Many innovations that are seen in modern days came from people who simply had a great business idea and were passionate about it. From such a small beginning, entire industries have been created or transformed. Although many innovations come from the R&D departments, it’s in the minds of people where ideas come up.
Smart ideas come from people and made companies great. Game-changing products invented in the 1960s include contact lenses and the microwave, followed by the calculator, Email and the ATM machine in the 1970s, and PCs and CDs in the 1980s. International overnight courier services have transformed the 1990s, the same as the smartphone, MP3 players and Google´s success the 2000s.
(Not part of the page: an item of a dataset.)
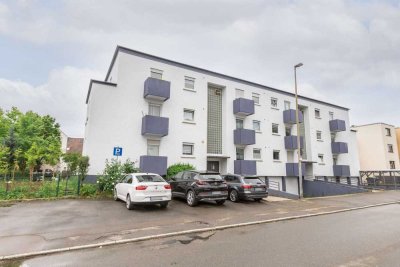 Frei ab November: 4.5 Zimmern, zwei Balkonen und Garage in Bernhausen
Google realised that smart ideas would come from the bottom. Great technical ideas are not devised in a separate department, with resources directed by management to develop them. Google´s approach was to take the Googlers’ ideas to the engineers and convince them of the idea. This can lead to technical mistakes, but also means that the task to spread the idea falls upon the individual Googler. This approach helped Google to grow from 5000 to 9400 employees and from a US$ 3.2 billion turnover to US$ 23.7 billion within five years. Former Google CEO Eric Schmidt explained the success as follows, “the essence of the company is a little bit of disorganisation, because it allows it to see what´s next”.
No matter how big or small ideas are, little ideas can have big implications in our world and lead to innovation. Companies seeking to gain a foothold in their industries would do well to investigate other business ideas and concepts. Even if they are not directly linked with their own activity, it is a means of ‘thinking outside of the box’ and finding ways to throw new light on previously unseen opportunities.